Provided data
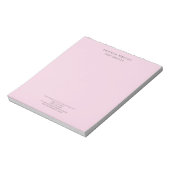 Light Pink Plain Attractive Stylish Business Notitieblok (Linkerzijde)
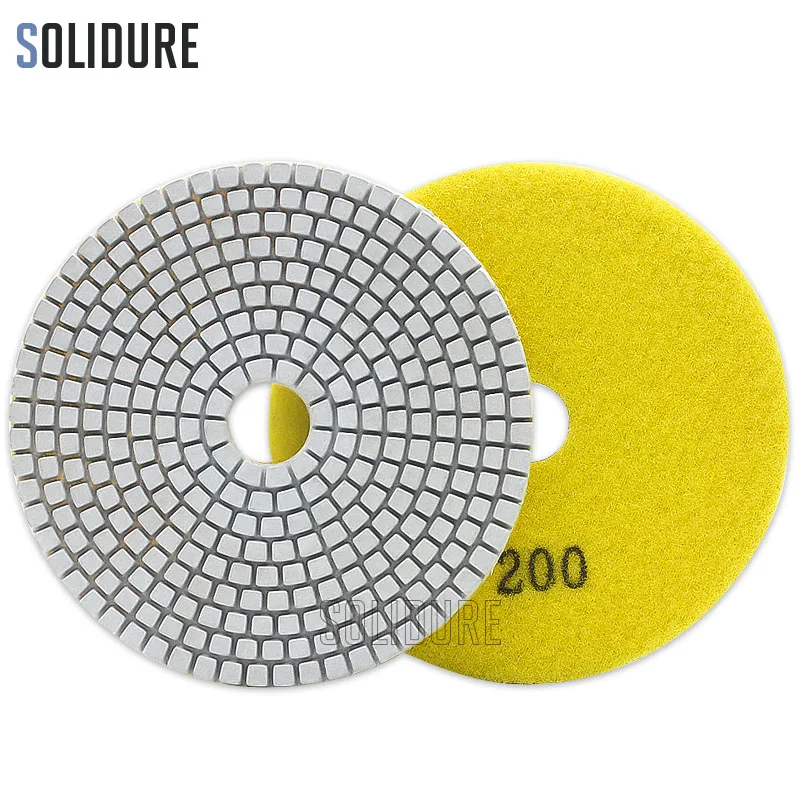 1 sztuk/partia zamówienie przez grit 125mm wet polish pad z 3.0mm grubość robocza do polerowania marmuru mokry beton granit tarcza szlifierska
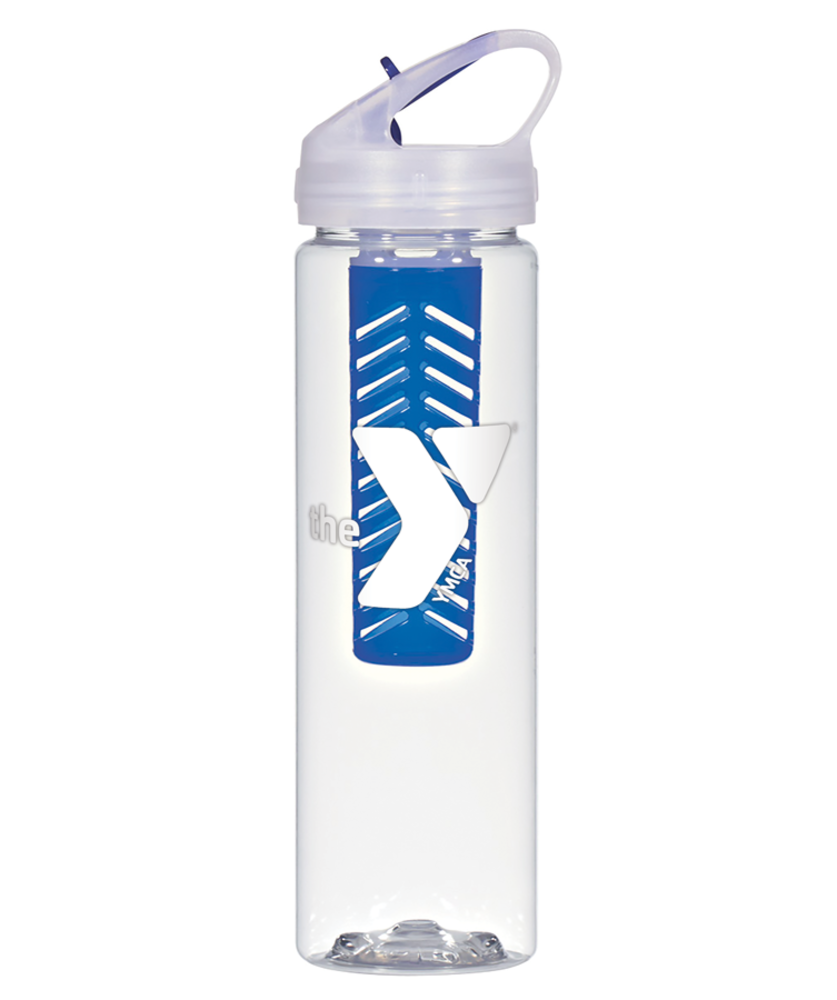 25 oz. Flip-top Fruit Infuser Squeeze Bottle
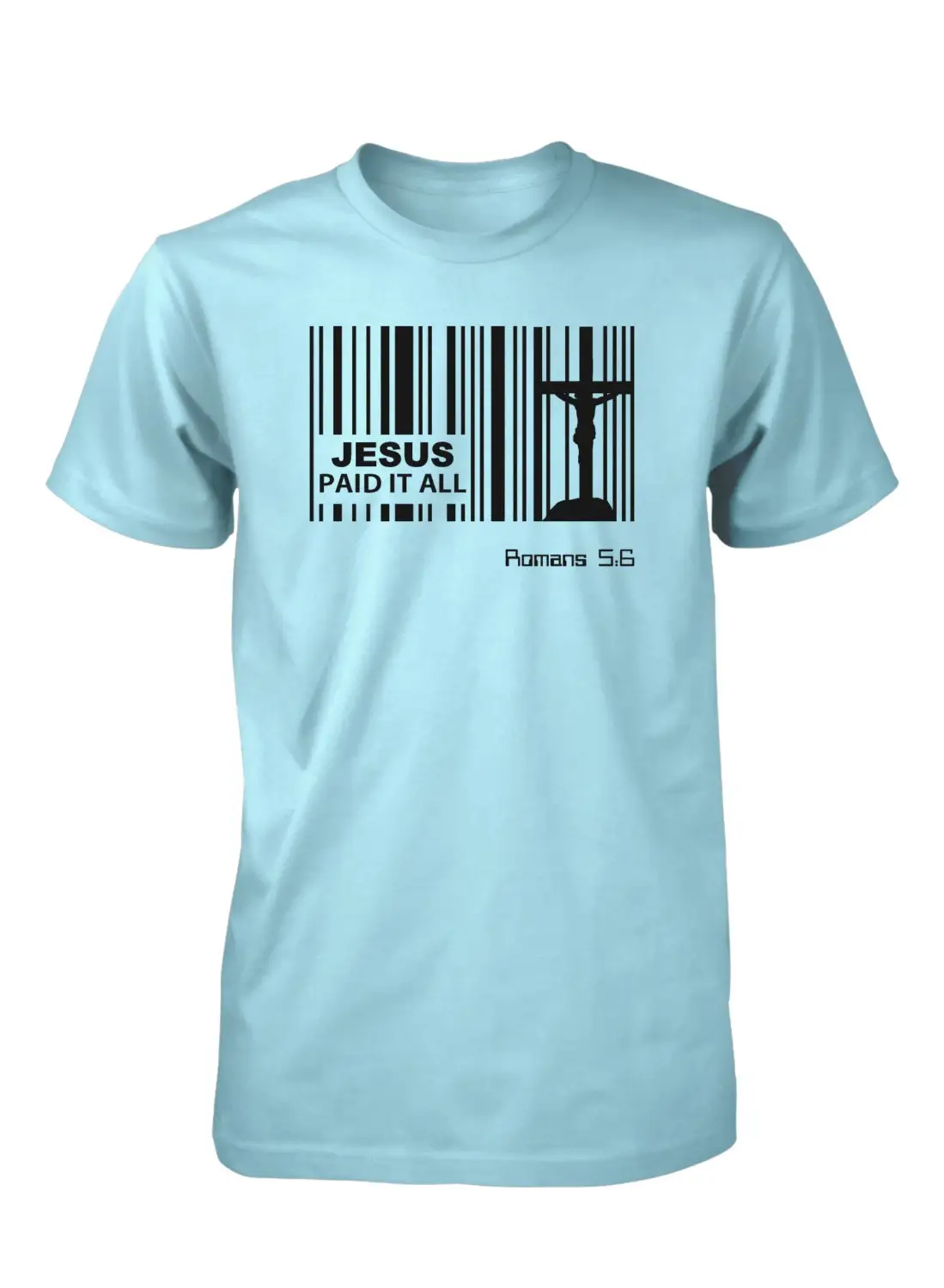 Aprojes Jesus Paid Price Barcode God Christian T Shirt for Men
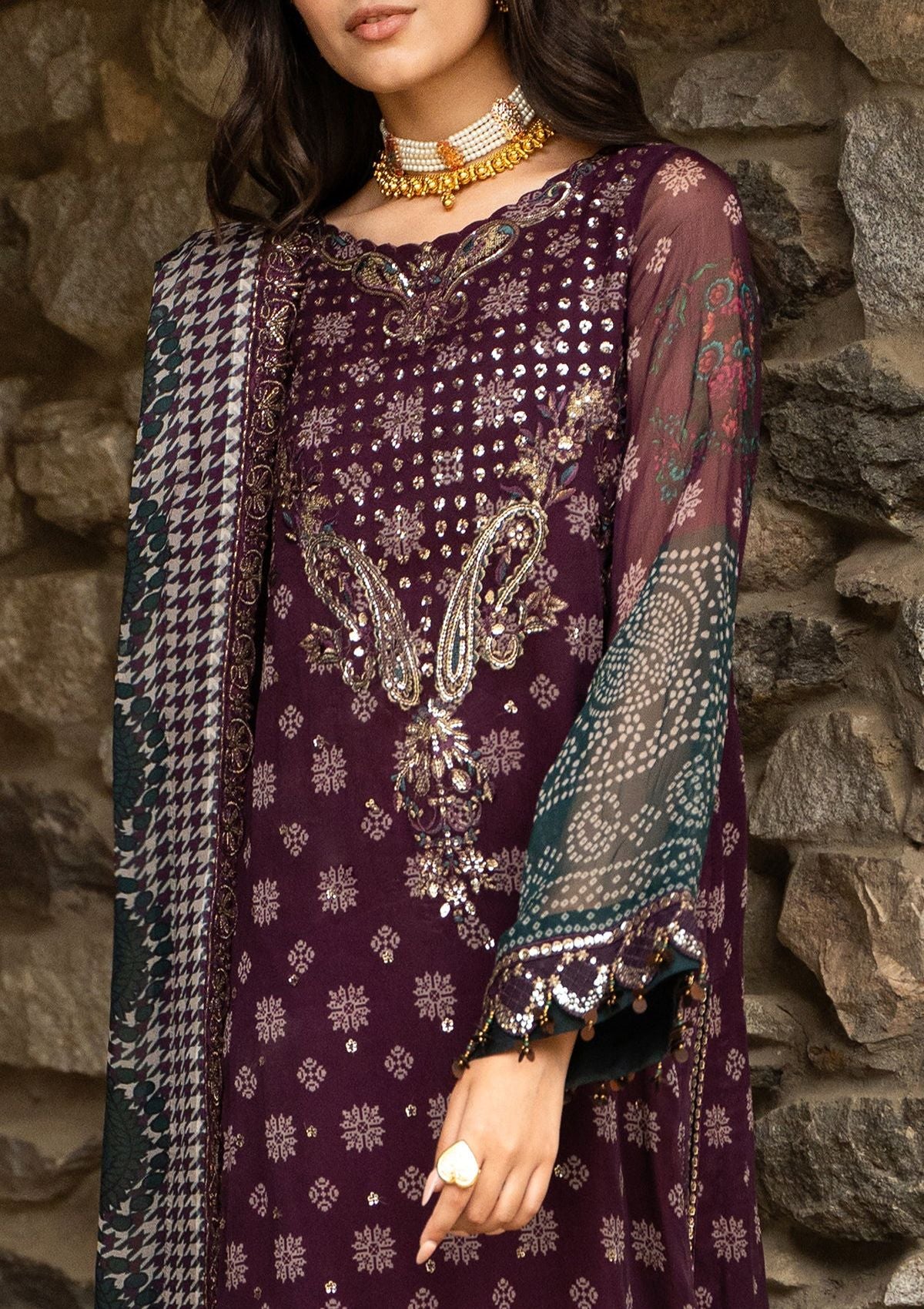 Charizma Vasal Luxury Chiffon'26 VSLW-12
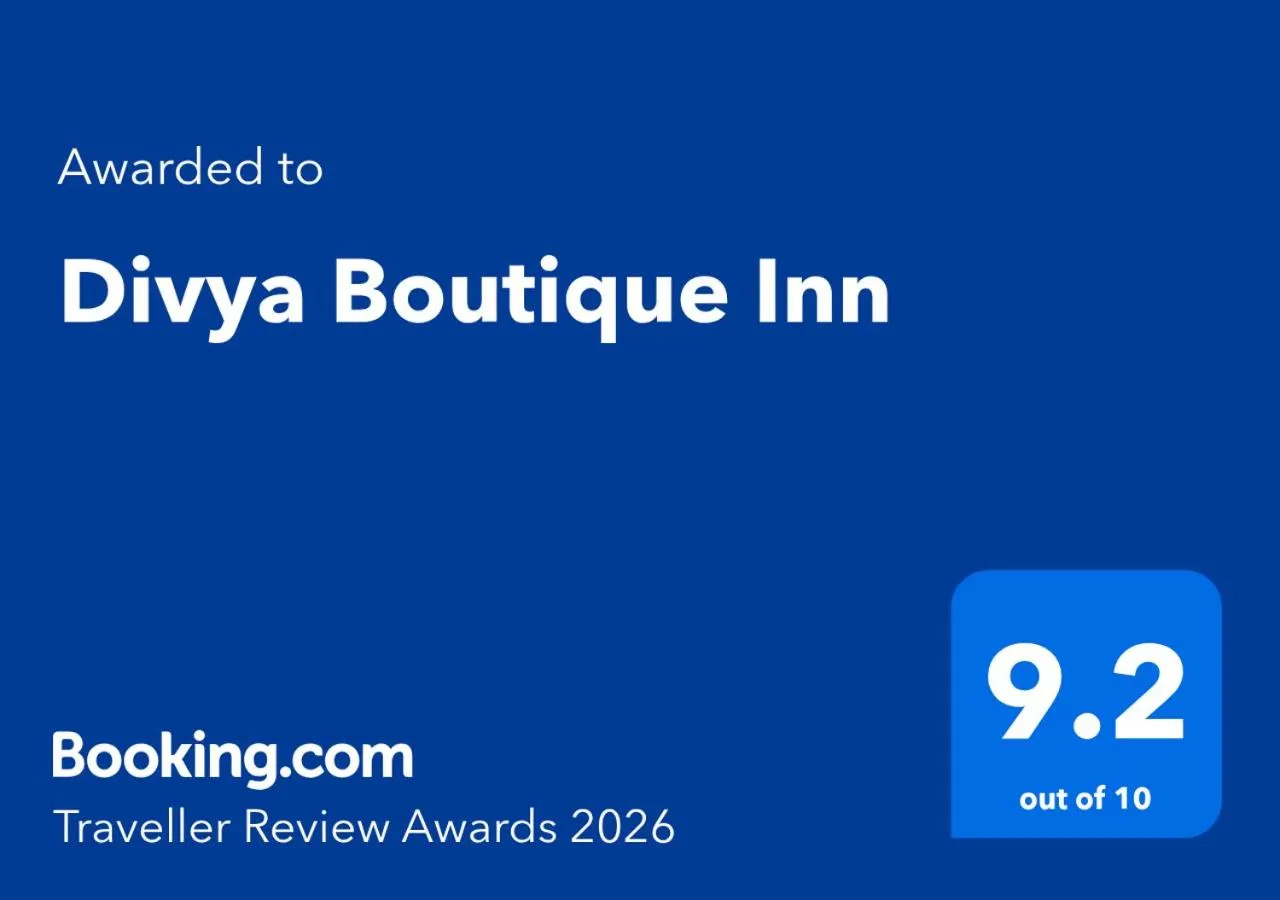 Certificate/Award in Divya Boutique Inn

Instructions for the task
Each entry is to be returned as it stands, and each picture is to be left out.

Response below
 Light Pink Plain Attractive Stylish Business Notitieblok (Linkerzijde)
 1 sztuk/partia zamówienie przez grit 125mm wet polish pad z 3.0mm grubość robocza do polerowania marmuru mokry beton granit tarcza szlifierska
 25 oz. Flip-top Fruit Infuser Squeeze Bottle
 Aprojes Jesus Paid Price Barcode God Christian T Shirt for Men
 Charizma Vasal Luxury Chiffon'26 VSLW-12
 Certificate/Award in Divya Boutique Inn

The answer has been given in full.